その時、戸を叩く音がした。二回。迷いのない速さ。開ける前に、華音が水筒を持って立ち上がる。習慣が先に動く。
入ってきたのはナツカだった。外套の裾に夜の冷気を連れて、目だけがやけに明るい。
「今、広場で、怒鳴り声が増えてる。笑いで受け止めるには、材料が足りない」
言い切ってから、机の上の紙束と筆を見た。視線が速い。見たものを、すぐ舞台に変える目だ。
「……それ、私に貸して」
志音は反射で「貸し出し条件は――」と言いかけ、陽海の視線で飲み込んだ。愛恋が先に答える。

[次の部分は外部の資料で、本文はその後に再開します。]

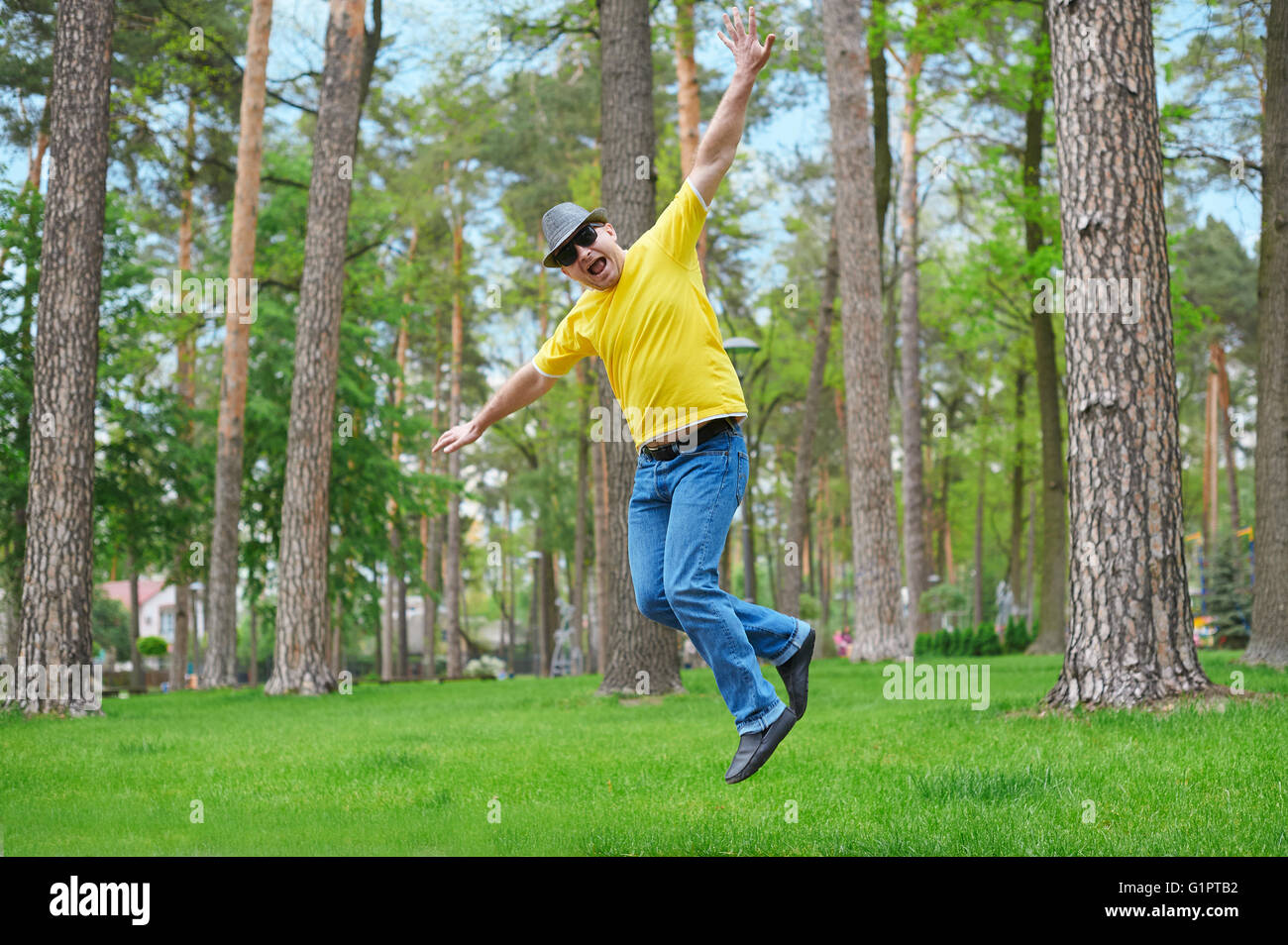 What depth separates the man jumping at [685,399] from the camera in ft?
15.1

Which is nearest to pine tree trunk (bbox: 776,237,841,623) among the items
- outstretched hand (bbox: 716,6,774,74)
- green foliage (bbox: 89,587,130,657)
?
outstretched hand (bbox: 716,6,774,74)

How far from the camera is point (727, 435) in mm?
4758

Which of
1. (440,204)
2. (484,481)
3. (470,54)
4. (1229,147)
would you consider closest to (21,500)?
(470,54)

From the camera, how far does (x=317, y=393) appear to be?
15.7m

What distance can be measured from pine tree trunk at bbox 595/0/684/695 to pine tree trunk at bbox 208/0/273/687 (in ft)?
34.1

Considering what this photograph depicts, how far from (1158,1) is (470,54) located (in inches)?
422

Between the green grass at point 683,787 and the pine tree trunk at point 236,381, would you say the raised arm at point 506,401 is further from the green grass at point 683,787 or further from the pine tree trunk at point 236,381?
the pine tree trunk at point 236,381

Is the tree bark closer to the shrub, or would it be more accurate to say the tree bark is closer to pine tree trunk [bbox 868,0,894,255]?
pine tree trunk [bbox 868,0,894,255]

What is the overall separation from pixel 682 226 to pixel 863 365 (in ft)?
43.2

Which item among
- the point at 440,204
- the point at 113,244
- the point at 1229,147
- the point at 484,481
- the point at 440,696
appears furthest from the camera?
the point at 484,481

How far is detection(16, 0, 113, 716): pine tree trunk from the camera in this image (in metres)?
11.5

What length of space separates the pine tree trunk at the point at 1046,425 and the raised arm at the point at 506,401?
611 inches

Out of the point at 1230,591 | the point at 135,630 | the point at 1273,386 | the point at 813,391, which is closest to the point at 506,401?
the point at 1273,386
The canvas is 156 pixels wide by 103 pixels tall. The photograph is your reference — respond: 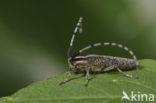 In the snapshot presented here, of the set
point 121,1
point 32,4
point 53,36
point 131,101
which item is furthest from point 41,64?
point 131,101

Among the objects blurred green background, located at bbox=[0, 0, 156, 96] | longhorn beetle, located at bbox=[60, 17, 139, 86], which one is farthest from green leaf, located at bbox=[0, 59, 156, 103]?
blurred green background, located at bbox=[0, 0, 156, 96]

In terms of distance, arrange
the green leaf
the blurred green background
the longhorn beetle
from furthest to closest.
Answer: the blurred green background, the longhorn beetle, the green leaf

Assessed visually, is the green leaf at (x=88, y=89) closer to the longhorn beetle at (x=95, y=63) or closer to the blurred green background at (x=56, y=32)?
the longhorn beetle at (x=95, y=63)

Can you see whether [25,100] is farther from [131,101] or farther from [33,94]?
[131,101]

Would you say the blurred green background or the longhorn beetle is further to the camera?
the blurred green background

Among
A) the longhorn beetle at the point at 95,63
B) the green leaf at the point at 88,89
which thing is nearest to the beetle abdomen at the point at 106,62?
the longhorn beetle at the point at 95,63

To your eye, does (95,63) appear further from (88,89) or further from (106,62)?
(88,89)

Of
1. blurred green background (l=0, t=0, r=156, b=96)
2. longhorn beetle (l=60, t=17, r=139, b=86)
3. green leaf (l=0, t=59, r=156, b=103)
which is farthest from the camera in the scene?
blurred green background (l=0, t=0, r=156, b=96)

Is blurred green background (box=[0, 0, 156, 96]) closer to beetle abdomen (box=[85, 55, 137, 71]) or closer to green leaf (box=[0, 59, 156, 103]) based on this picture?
beetle abdomen (box=[85, 55, 137, 71]) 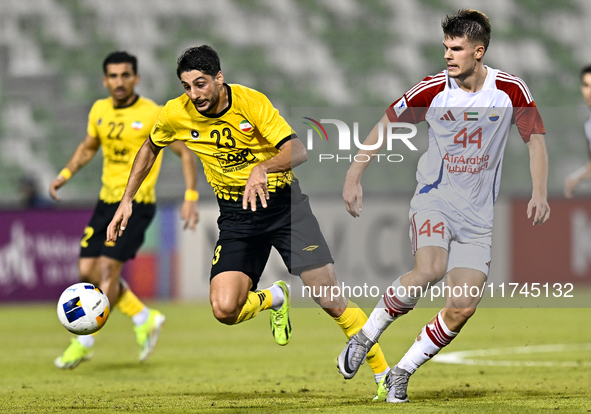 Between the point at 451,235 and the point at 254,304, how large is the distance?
1.46 metres

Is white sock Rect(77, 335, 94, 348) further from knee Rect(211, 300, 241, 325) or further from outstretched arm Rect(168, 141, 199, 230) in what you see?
knee Rect(211, 300, 241, 325)

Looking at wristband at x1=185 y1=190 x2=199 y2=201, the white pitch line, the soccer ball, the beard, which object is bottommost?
the white pitch line

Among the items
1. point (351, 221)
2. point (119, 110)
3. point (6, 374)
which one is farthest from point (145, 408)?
point (351, 221)

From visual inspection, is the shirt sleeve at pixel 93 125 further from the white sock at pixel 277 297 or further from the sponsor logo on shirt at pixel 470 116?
the sponsor logo on shirt at pixel 470 116

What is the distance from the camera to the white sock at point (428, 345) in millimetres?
5637

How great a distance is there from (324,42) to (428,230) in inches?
561

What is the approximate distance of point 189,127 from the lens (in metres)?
5.87

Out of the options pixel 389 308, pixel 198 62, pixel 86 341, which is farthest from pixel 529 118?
pixel 86 341

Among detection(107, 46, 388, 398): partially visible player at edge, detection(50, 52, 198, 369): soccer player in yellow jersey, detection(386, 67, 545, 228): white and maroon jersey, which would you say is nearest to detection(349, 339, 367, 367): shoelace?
detection(107, 46, 388, 398): partially visible player at edge

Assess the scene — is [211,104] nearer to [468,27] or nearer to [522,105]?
[468,27]

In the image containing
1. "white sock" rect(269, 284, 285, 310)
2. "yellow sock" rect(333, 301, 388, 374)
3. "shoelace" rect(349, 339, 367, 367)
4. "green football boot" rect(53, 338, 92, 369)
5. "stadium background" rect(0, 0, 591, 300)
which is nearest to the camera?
"shoelace" rect(349, 339, 367, 367)

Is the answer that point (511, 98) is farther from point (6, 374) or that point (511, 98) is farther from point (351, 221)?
point (351, 221)

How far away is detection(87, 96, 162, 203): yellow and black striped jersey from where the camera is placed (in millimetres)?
8148

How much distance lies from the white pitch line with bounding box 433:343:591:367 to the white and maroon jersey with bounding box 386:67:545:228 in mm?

「条件は一つです。意味を削りすぎない。けれど、届く言葉にする」
ナツカは口角だけ上げた。笑顔は派手なのに、答えは短い。
「任せて」
夜の広場は、昼より寒い。灯りが揺れるたび、影が大きくなって、誰かの怒りも大きく見えた。ナツカは舞台を組む前に、まず水差しを二つ置いた。ひとつは役者用、ひとつは観客用。華音の癖と同じだと志音は気づく。
ナツカは芝居に入る前に、短い口上を言った。
「言葉が刺さる夜は、刃を研ぐより、刃を布で包むほうが早い」
志音は「比喩が強い」と言いかけ、愛恋に先回りで言い換えを渡された。
「『包む』は良いです。『折る』も使えます」
志音は黙って頷いた。今夜は口を挟まない。
華音は舞台の端に立ち、手順の文を調律の声で読み上げた。長くしない。呼吸が途切れない長さで、ゆっくり落とす。
「水を一口。名前を呼ぶ。言いたいことは一つ。ありがとうを置けたら置く。言い換えを二つ。……それから、続き」
観客の中の誰かが、つい同じ調子で繰り返した。別の誰かも続いた。言葉が、合唱になりかける。
ナツカはすぐに芝居を始めた。鍋を囲む二人が、席を譲る譲らないで言い合いになりかける話だ。観客は笑い、途中で息を呑む。怒鳴り声が出そうになる場面で、ナツカは手を止めた。
「さあ、今」
合図だけ。説明はしない。
観客が水を飲み、隣の名を呼び、言いたいことを一つに縮める。言い換えが出ない者には、愛恋が紙片を渡す。陽海は舞台の下で、子どもが転ばないように人の流れを押さえながら、怖い顔のまま「水」とだけ言った。怖いまま言える言葉が増えている。
志音は舞台を見上げ、胸の奥で札が光りたがるのを感じた。だが札を出さず、代わりに短い言葉を喉の外へ出した。
「……届いてる」
自分へ言ったのか、華音へ言ったのか、分からない声だった。
芝居が終わるころ、広場の端で小さな揉め事が起きた。肩が当たった、足を踏んだ。いつもなら怒鳴り声が重なって、黄いろが濃くなる。
だが今夜は、片方が水を飲んで言った。
「踏んだ。痛い」
もう片方が、名前を聞いて返した。
「ごめん。今、急いでた。……ありがとう、言ってくれて」
意味が逆だと志音は一瞬思った。だが、相手は怒鳴られずに済んだことへ、確かに礼を言っていた。言葉の順番が変わるだけで、憎しみの火がつかない。
舞台の片付けを始めたところへ、遠くから鐘が鳴った。共鳴塔の鐘だ。夜半の合図にしては、音が高い。何かを告げる時の音だ。
広場の入り口に、白い外套の使者が現れた。息を切らし、周りへ向けて短く言う。
「共鳴塔の扉が、今夜だけ開きます。調律官と関係者は、夜半までに集まってください」
ざわめきが走る。だが、さっきの合唱が残っているせいか、ざわめきは尖らなかった。人々が水差しへ手を伸ばし、名前を呼び合い、確認する。
華音は志音の袖を掴んだ。強くはない。逃げないための指だ。
「……行きましょう。今夜しか、入れないなら」
志音は頷いた。口を開けば自分語りが出そうで、息をひとつ飲み込む。
代わりに、掌を開いて見せた。陽海と同じ形に。いまここへ戻る合図だ。